Who am I? #mommitment

     Since this is a different kind of post for me, meaning for someone besides myself, let me catch you up if you haven't read my stuff before. I'm a forty-something woman in middle America. When I first started putting thoughts to keyboard, I was a happily married mother of one, step-mother of four. I work full time in the service department of a car dealership. Between family, work, and the media, I was seeing a lot of stuff that made me laugh or pissed me off, so I decided to share it with the world. And all was great, until my world did a complete turn around.

     I've spent the last year or so going through divorce court. It's a horrible, expensive world where it is literally someone's job to judge you. Seriously, it's even their job title and their whole job description! And since there were a whole lot of legal people judging me, I was acutely aware of the rest of the world judging me as well. My son, my ex, my step-children of course, but also my neighbors, my family and friends, the teachers at school, my co-workers and customers, pretty much every single person I ever come into contact with. But I felt it the most, and it affected me the most, when it was the other moms. If they were on "my side," I felt elated. If they weren't, I was crushed.

     It's not like I'm new to the whole Mom Judgement phenomenon. I mean, I was an adult for quite a few years before I became a mother. I was a pro at telling people everything they were doing wrong! We all know how smart the childless are when it comes to raising children, and I was a genius! Then I became a mother, and realized what a bitch I had been all those years. And the day I got pregnant, I started receiving the judgement of the whole rest of the world. Here's a partial list of judge-worthy actions: I got pregnant without the benefit of marriage, and refused to marry him just because of a child. (We didn't marry until he was over a year old.) I begged the entire pregnancy for a C-section, and am still very angry the medical professionals did not comply. Through the actual birth, I took advantage of every single medical intervention they offered. Drugs, epidural, suction cup, you name it. My theory is, if you don't turn down Novocaine when you are getting a filling, why would you turn down drugs during delivery? I didn't nurse. I gloss over it and say they took him away from me for 8 hours as soon as he was born because of blood sugar issues, and that we never really got the hang of it. But the truth is, I had four children in the house who were not mine and were very nosy. And in public, I don't feel comfortable topless unless someone is throwing ones at me. My son turned out to have some pretty severe food allergies, and my milk would have killed him. But I do vividly remember hearing "If you had nursed, like you're supposed to, he wouldn't have this problem." I was a stay at home mom for the first five years of his life, but then had to return to work full time, as the only working parent. And now I'm a single parent, sharing parenting with my ex.

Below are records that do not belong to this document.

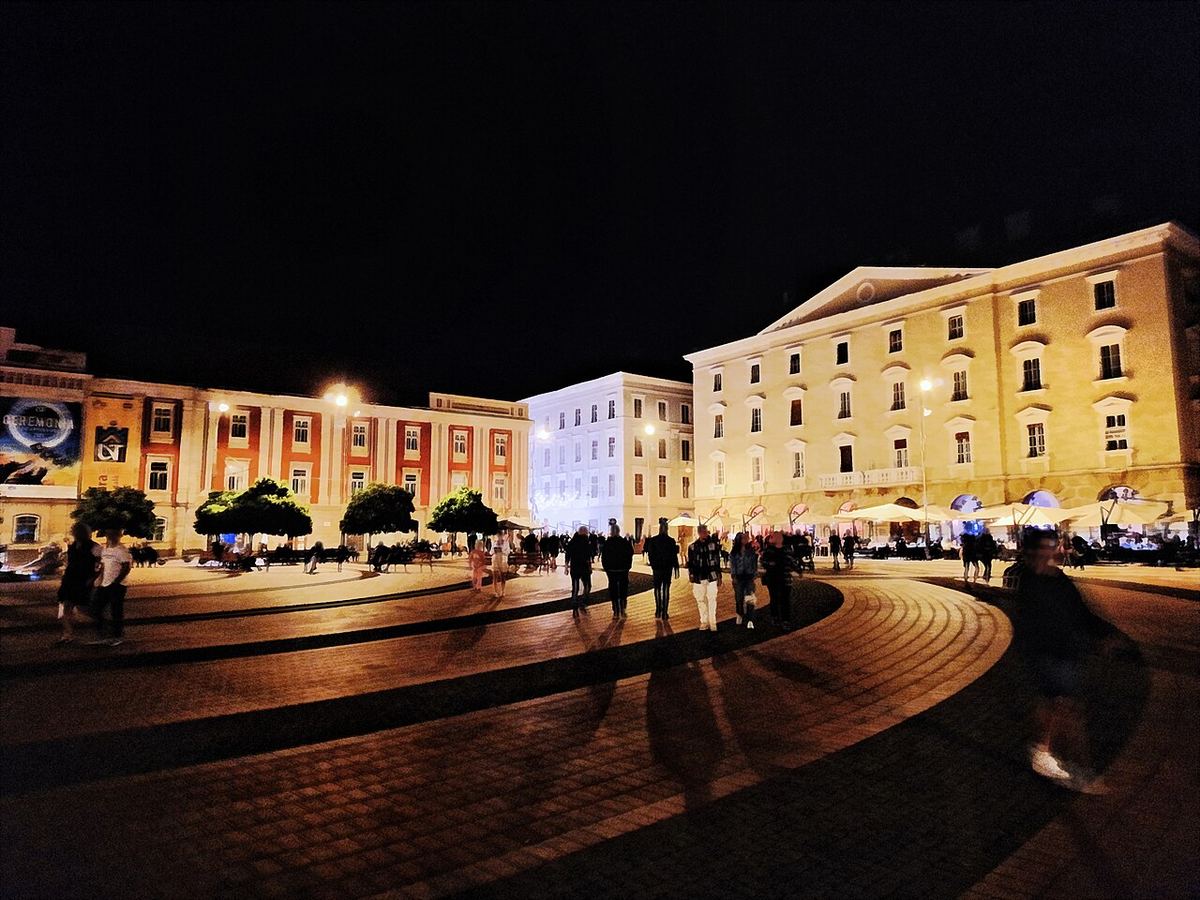 Piața Libertății din Timișoara noaptea, văzută spre Piața Unirii, cu clădiri iluminate și străzi din centrul orașului.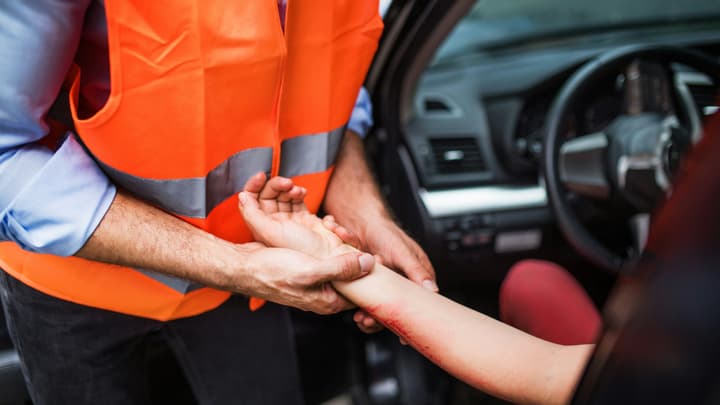 Komunikacyjne ubezpieczenie NNW – co obejmuje i czy warto je kupić?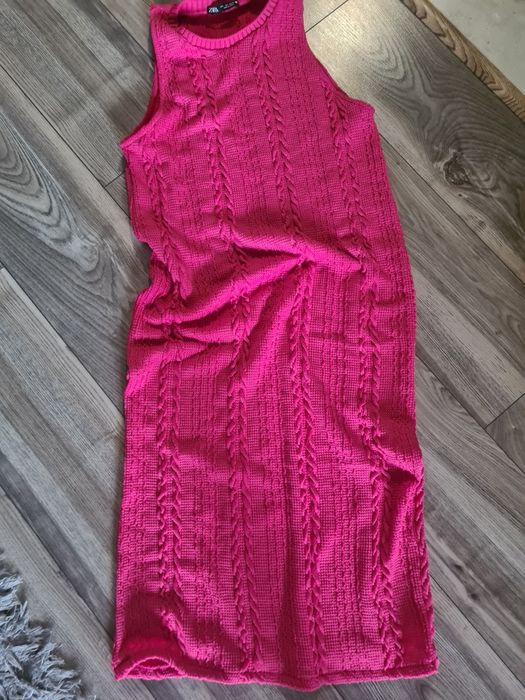 Sukienka ażurowa, nowa, fuksja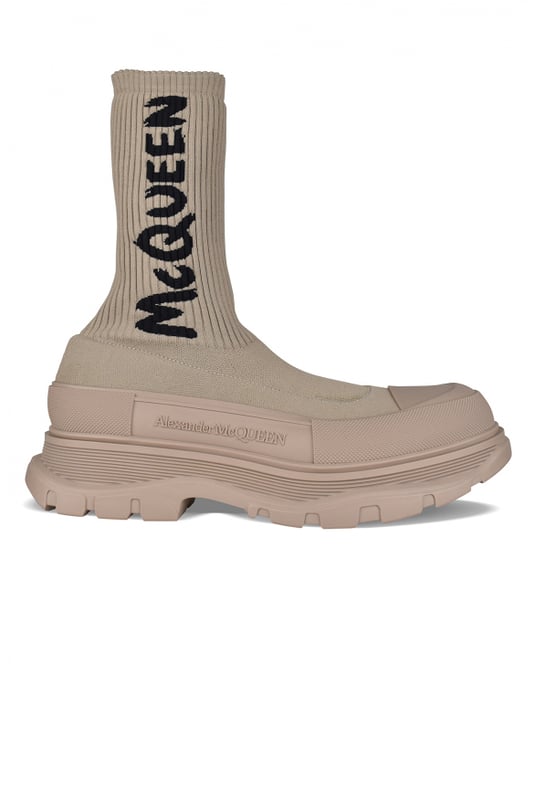 Botas Alexander McQueen Tread Slick Graffiti.Tejido de punto acanalado beige.Logotipo negro en contraste.Puntera redonda con inserción de goma beige.Suela de goma beige sobredimensionada con el logotipo de la firma.Made in Italy.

     After reading all of that, you would assume I would have no right to judge anyone else, and you would assume correctly. But that didn't stop me. I still did it.

     After being separated for a while, once a person's new routine is established, the subject inevitably turns to dating. When they started asking me when I was going to start dating, I actually said the sentence "Parents shouldn't date." Of course, I had great reasons to back up this statement. It's not fair to the children, and it certainly isn't fair to the poor sap you're dating. But I had a blanket judgmental statement at the ready for anyone who asked. "Parents shouldn't date." Who am I to issue such a proclamation?

     What I meant, and what I should have said, is "I shouldn't date." I have a million good reasons for this, none of which affect anyone but me. No, it wouldn't be fair to my child. Yes, I have some major trust issues I need to work out (or not.) Yes, dealing with my situation would be some kind of screwed up undeserved punishment for anyone who was stupid enough to ask me out. Yes, I am choosing to only focus on the one male in my life I feel is important right now. (Well, the dog is male, and he's pretty great.) Yes, I have come to the conclusion that, with very few exceptions, every single person who has ever been in my life was there because of what I could do for them, with little to no thought for what they could do for me. No, I don't want to continue in this pattern.

     So yeah, I shouldn't date. But who the hell am I to extend that rule to all parents everywhere? I don't know your situation. I don't know your heart. I don't know anything. So parents everywhere, I'm sorry, I had no right to judge. If dating, or nursing, or working, or staying home, or natural childbirth are right for you, then you just go right out there and do it! And I will do my very best every day to keep my opinions and issues about me right here with me. The right decision for me is not the right decision for anybody else. After all, who am I?

1 comment:

  1. I love this so much! That kind of awareness is so many awesomes! Just because something isn't right for me, doesn't mean it doesn't work for others. Mommitment has helped me be more intentional with the words I choose, and this is a wonderful example!!!